The complexity (difficulty of solution) of subset sum can be viewed as depending on two parameters, N, the number of decision variables, and P, the precision of the problem (stated as the number of binary place values that it takes to state the problem). (Note: here the letters N and P mean something different than what they mean in the NP class of problems.)
The complexity of the best known algorithms is exponential in the smaller of the two parameters N and P. Thus, the problem is most difficult if N and P are of the same order. It only becomes easy if either N or P becomes very small.
If N (the number of variables) is small, then an exhaustive search for the solution is practical.
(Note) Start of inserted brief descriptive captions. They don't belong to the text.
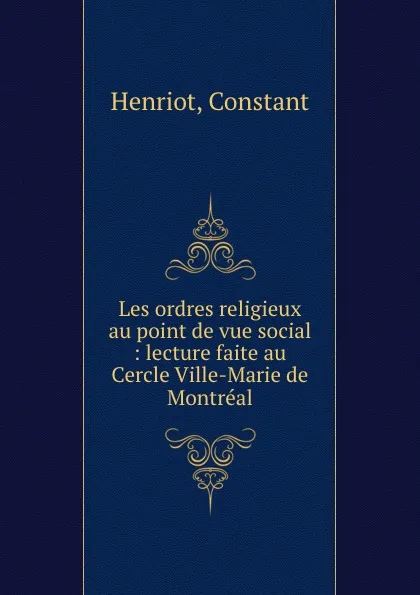 Обложка книги Les ordres religieux au point de vue social : lecture faite au Cercle Ville-Marie de Montreal, Constant Henriot
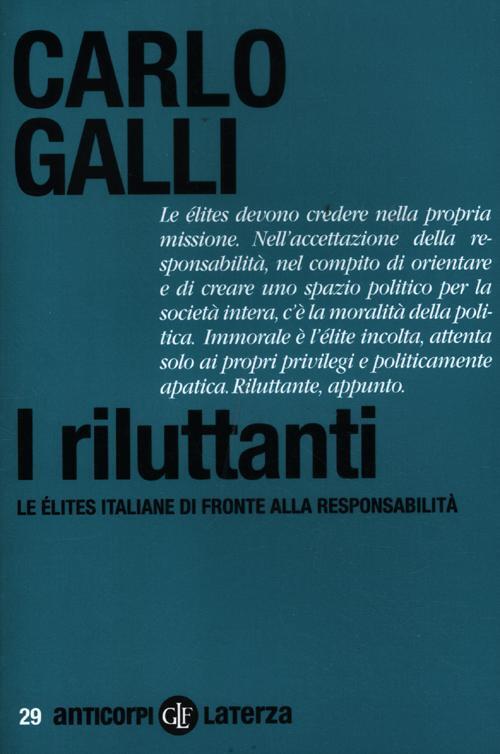 I Riluttanti. Le Elites Italiane Di Fronte Alla Responsabilita Carlo Galli Lat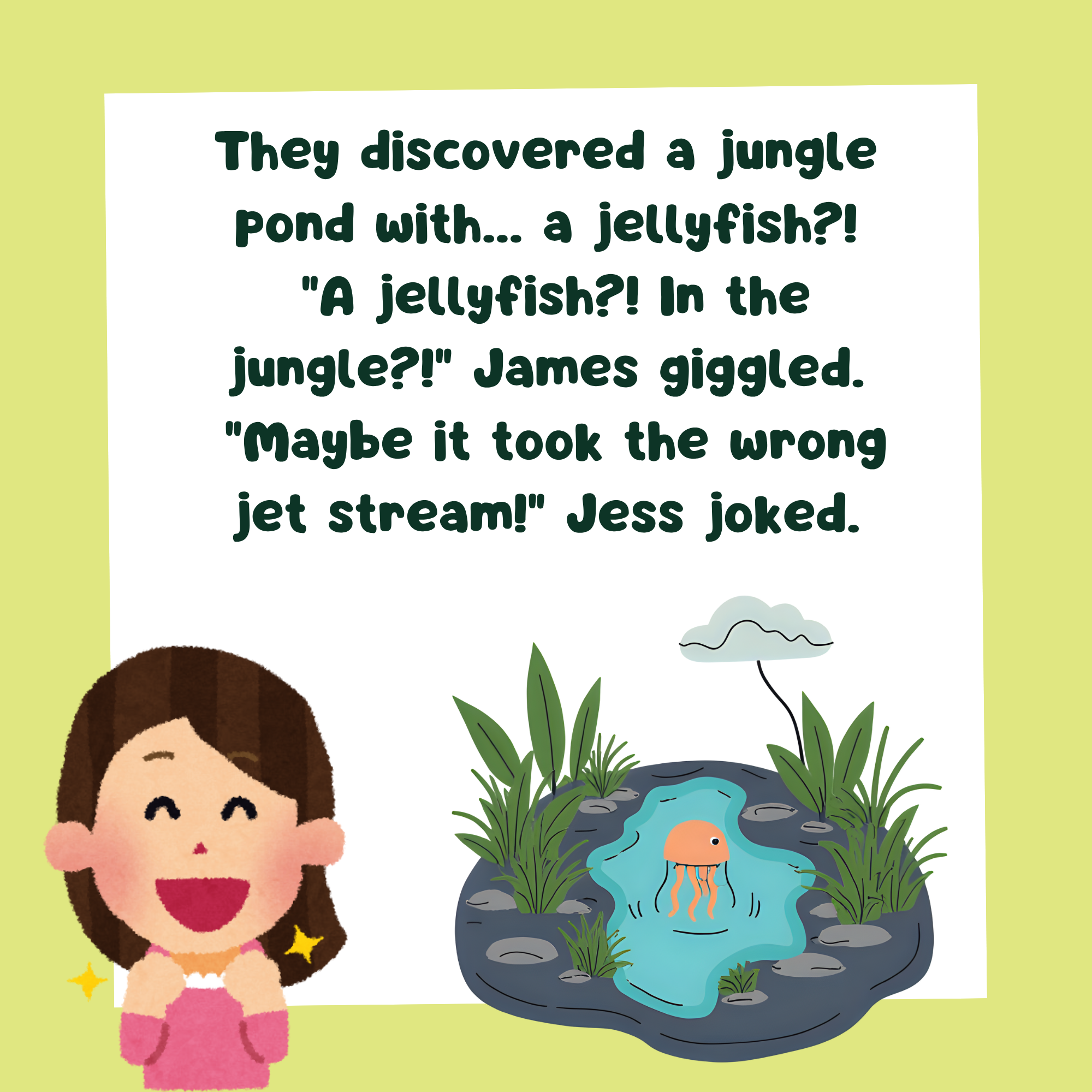 A storybook page with text, They discovered a jungle pond with... a jellyfish?!  "A jellyfish?! In the jungle?!" James giggled.  "Maybe it took the wrong jet stream!" Jess joked. and an image of a girl looking at a pond with jellyfish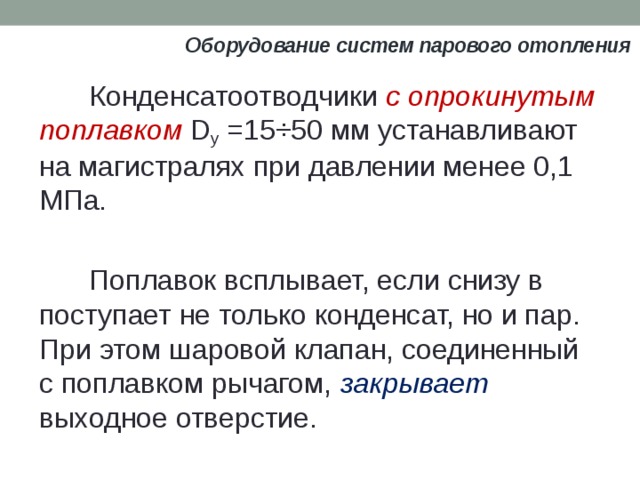 Оборудование систем парового отопления Конденсатоотводчики с опрокинутым поплавком D y =15÷50 мм устанавливают на магистралях при давлении менее 0,1 МПа. Поплавок всплывает, если снизу в поступает не только конденсат, но и пар. При этом шаровой клапан, соединенный с поплавком рычагом, закрывает выходное отверстие. 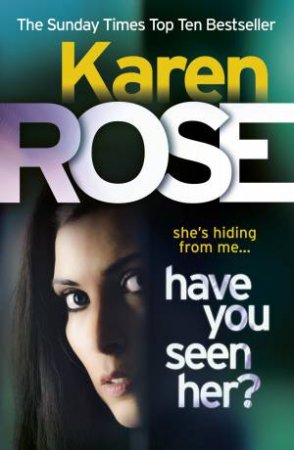 Have You Seen Her? by Karen Rose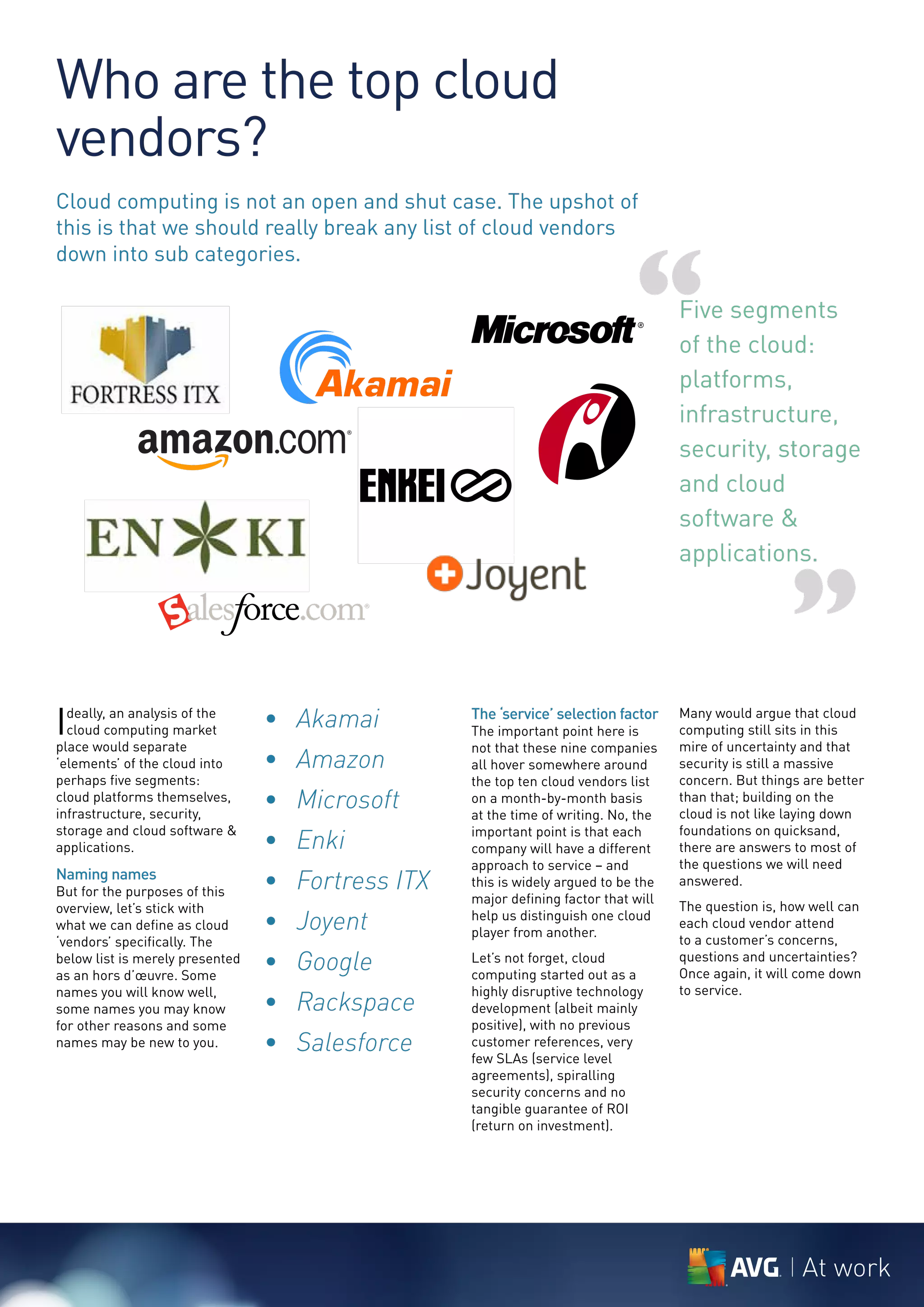 Who are the top cloud
vendors?
Cloud computing is not an open and shut case. The upshot of
this is that we should really break any list of cloud vendors



                                                                             “
down into sub categories.

                                                                                    Five segments
                                                                                    of the cloud:
                                                                                    platforms,
                                                                                    infrastructure,
                                                                                    security, storage
                                                                                    and cloud
                                                                                    software &
                                                                                    applications.


                                                                                                      ”
I deally, an analysis of the
  cloud computing market
place would separate
                                 • Akamai         The ‘service’ selection factor
                                                  The important point here is
                                                  not that these nine companies
                                                                                    Many would argue that cloud
                                                                                    computing still sits in this
                                                                                    mire of uncertainty and that
‘elements’ of the cloud into     • Amazon         all hover somewhere around        security is still a massive
perhaps five segments:                            the top ten cloud vendors list    concern. But things are better
cloud platforms themselves,
infrastructure, security,
                                 • Microsoft      on a month-by-month basis
                                                  at the time of writing. No, the
                                                                                    than that; building on the
                                                                                    cloud is not like laying down

                                 • Enki
storage and cloud software &                      important point is that each      foundations on quicksand,
applications.                                     company will have a different     there are answers to most of
                                                  approach to service – and         the questions we will need
Naming names
But for the purposes of this
                                 • Fortress ITX   this is widely argued to be the   answered.
                                                  major defining factor that will
overview, let’s stick with                                                          The question is, how well can
what we can define as cloud      • Joyent         help us distinguish one cloud
                                                  player from another.
                                                                                    each cloud vendor attend
‘vendors’ specifically. The                                                         to a customer’s concerns,
below list is merely presented
as an hors d’œuvre. Some
                                 • Google         Let’s not forget, cloud
                                                  computing started out as a
                                                                                    questions and uncertainties?
                                                                                    Once again, it will come down
names you will know well,                         highly disruptive technology      to service.
some names you may know          • Rackspace      development (albeit mainly
for other reasons and some                        positive), with no previous
names may be new to you.         • Salesforce     customer references, very
                                                  few SLAs (service level
                                                  agreements), spiralling
                                                  security concerns and no
                                                  tangible guarantee of ROI
                                                  (return on investment).




                                                                                                       At work
 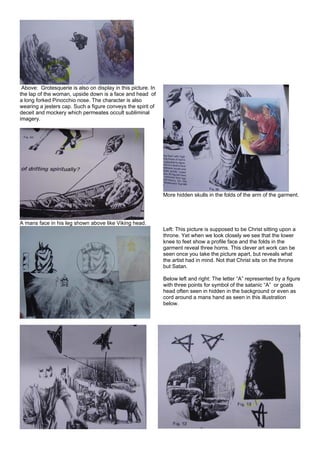 Above: Grotesquerie is also on display in this picture. In
the lap of the woman, upside down is a face and head of
a long forked Pinocchio nose. The character is also
wearing a jesters cap. Such a figure conveys the spirit of
deceit and mockery which permeates occult subliminal
imagery.
A mans face in his leg shown above like Viking head.
More hidden skulls in the folds of the arm of the garment.
Left: This picture is supposed to be Christ sitting upon a
throne. Yet when we look closely we see that the lower
knee to feet show a profile face and the folds in the
garment reveal three horns. This clever art work can be
seen once you take the picture apart, but reveals what
the artist had in mind. Not that Christ sits on the throne
but Satan.
Below left and right: The letter “A” represented by a figure
with three points for symbol of the satanic “A” or goats
head often seen in hidden in the background or even as
cord around a mans hand as seen in this illustration
below.
 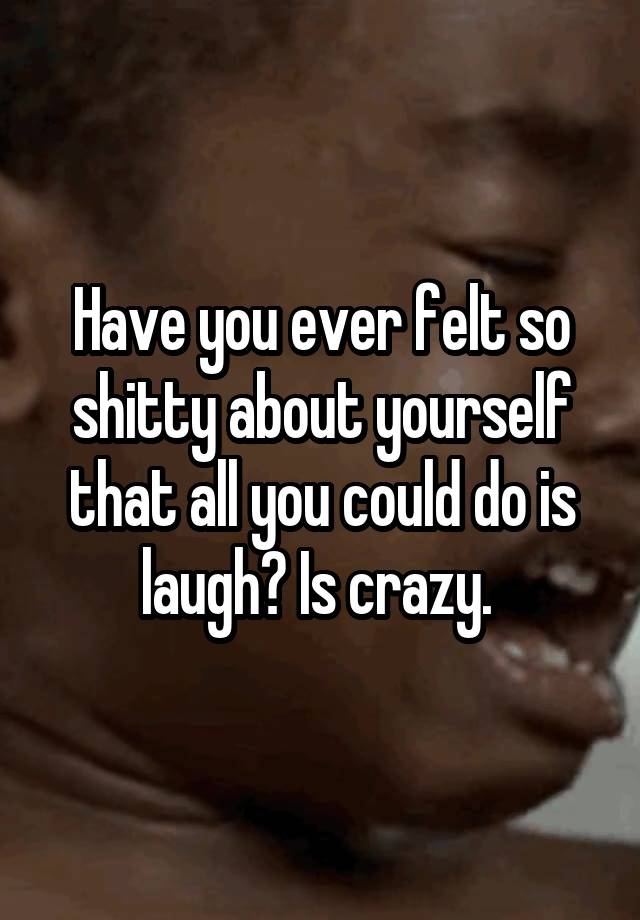 Have you ever felt so shitty about yourself that all you could do is laugh? Is crazy. 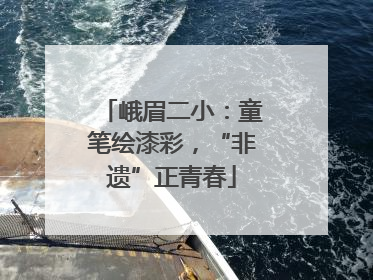峨眉二小：童笔绘漆彩，“非遗”正青春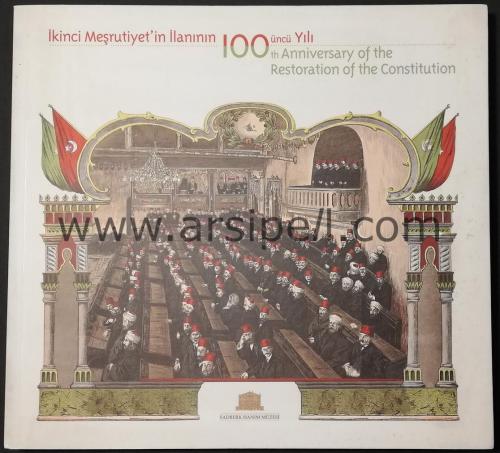 İkinci Meşrutiyet'in İlanının 100 üncü Yılı / 100th Anniversary of the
If P (the number of place values) is a small fixed number, then there are dynamic programming algorithms that can solve it exactly.

I had this very issue at a company I worked at two years ago. Faced with it, I agonized for two days trying work out how exactly I would extrapolate the data.

Then they downsized me and it was someone else’s problem.

Good catch jellyfish, thanks. edit: Note, however, that the subset-sum problem is only NP-complete because it includes all integers, including those < 0. I don’t hafta do that nanny nanny boo boo. But thanks for the idea though. :)

That sucks bahimiron. In a sense though, it segues into why I can’t simply use the easiest solution to this problem: get the underlying methodologies from the two departments whose reports I am reconciling. Except in this “cost cutting” environment, when we’ve already had two rounds of layoffs with a third coming up, no one wants to give up any info they have for fear of giving away their visibility.

Fucking office politics. Visibility is more imoprtant than productivity. People are idiots.